Assignment | Please transcribe the entries exactly and omit the images they contain.

[Image-text web data]
* * *
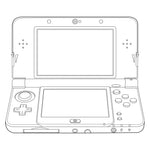 New Nintendo 3DS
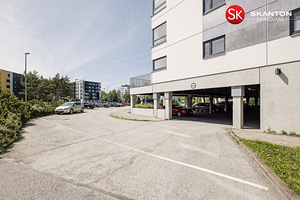 Mäepealse tn 26, Mustamäe, Tallinn, Harjumaa (22 foto / 25)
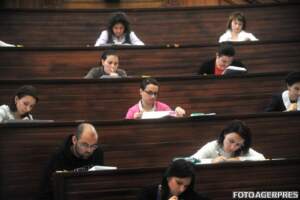 Peste 10.000 de absolvenți de Medicină încearcă azi să intre în Rezidențiat | MyTex.ro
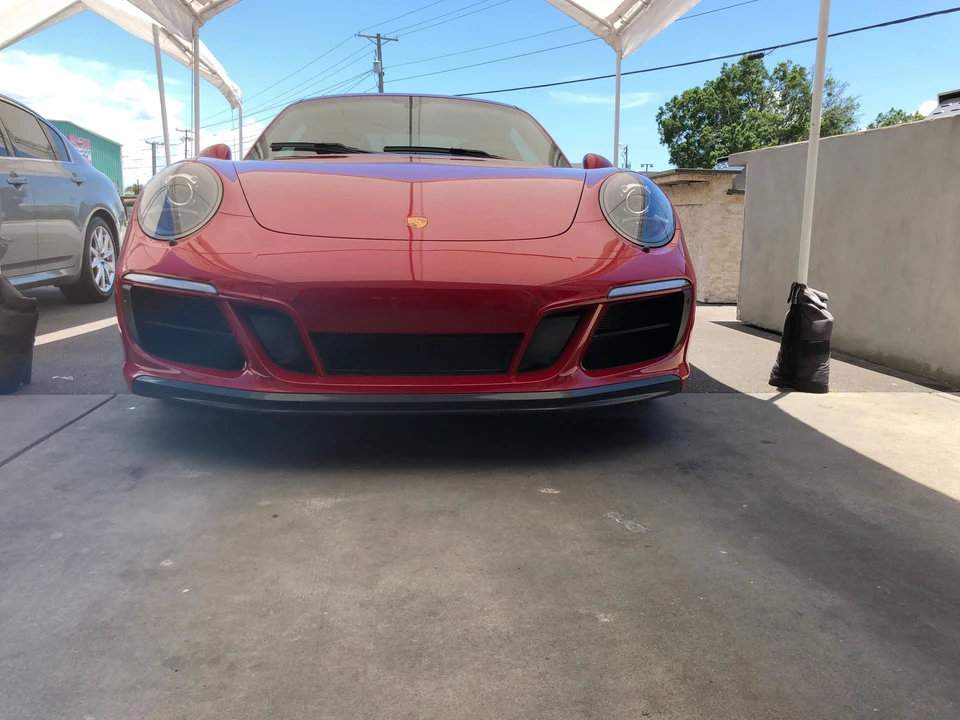 2017 Porsche 991 Carrera GTS - Image 28 of 31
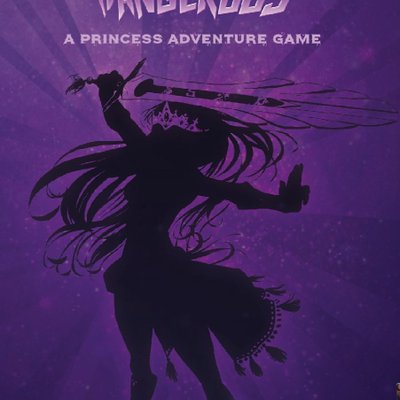 Charmed and Dangerous: The Sisters Grimm – Base Set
* * *
Response to this task |
 New Nintendo 3DS
 Mäepealse tn 26, Mustamäe, Tallinn, Harjumaa (22 foto / 25)
 Peste 10.000 de absolvenți de Medicină încearcă azi să intre în Rezidențiat | MyTex.ro
 2017 Porsche 991 Carrera GTS - Image 28 of 31
 Charmed and Dangerous: The Sisters Grimm – Base Set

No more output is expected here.